There are 5.5 deaths on the roads per 100,000 people, and the aim is to reduce that to three per 100,000 by 2021, Lt Gen Al Shafar said.

In general, the main causes of road accidents are recklessness and inattention, sudden swerving, failing to leave a safe distance between vehicles and driving through red lights.

Phil Clarke, road safety consultant at the Transport Research Lab, called for strict background checks on drivers insuring their cars.

“There is no link between driving records and the cost of insurance,” Mr Clarke said.

“In Europe, everyone understands young drivers have a greater risk of committing offences, which means the cost of insurance for young drivers is very high.

“In some cases, if they commit offences in the early stages, their licences are revoked and they are sent back to being learner drivers.”

Here, young people tend to drive vehicles with high-powered engines and do not face additional expenses for insurance, Mr Clarke said.

“In other parts of the world, if a young driver wants to insure a Mercedes AMG, it would cost the same as buying a house.

“Punishments based on behaviour and not those that can be easily paid off will also bring about a change, because most young drivers here can pay their fines and get back on the road.

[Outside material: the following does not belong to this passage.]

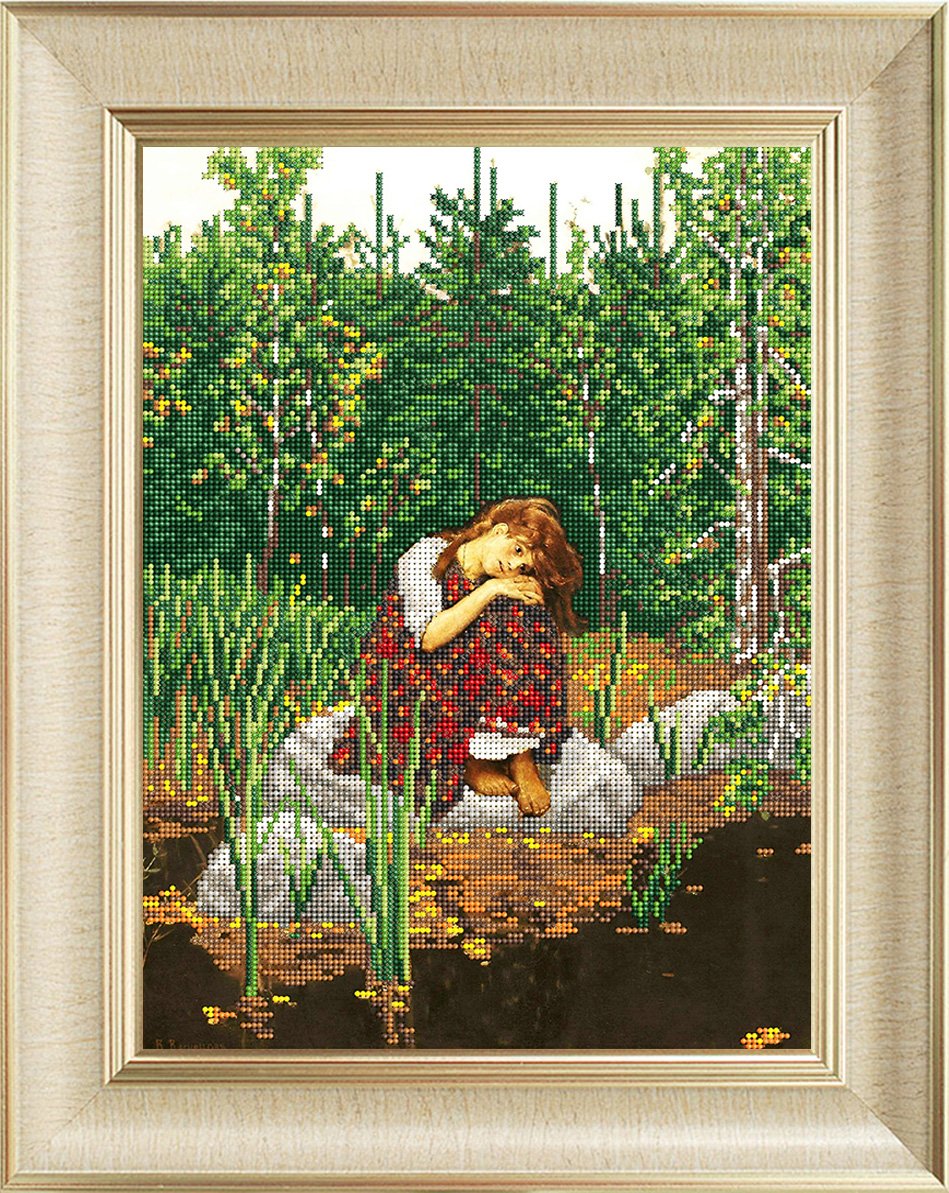 Васнецов Виктор Михайлович алёнушка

“They need to be educated on positive behaviour and not competitive behaviour during their driver training. Their inputs on attitudes while driving should also be put to the test.”

Educational institutions can play an important part in teaching children about safety on the roads, said Thomas Edelmann, founder of Road Safety UAE.

“Educational sectors need to play a bigger role in shaping young drivers. Teachers can correct the behaviour of their students and they can do so in the case of road safety too.”

A change in culture, rather than having specific rules, was necessary, Mr Edelmann said.

“Young drivers try to blend in with the driving culture here, which is very negative.

“Some have told us they do not use indicators while driving because they do not want to look inexperienced. This needs to change.”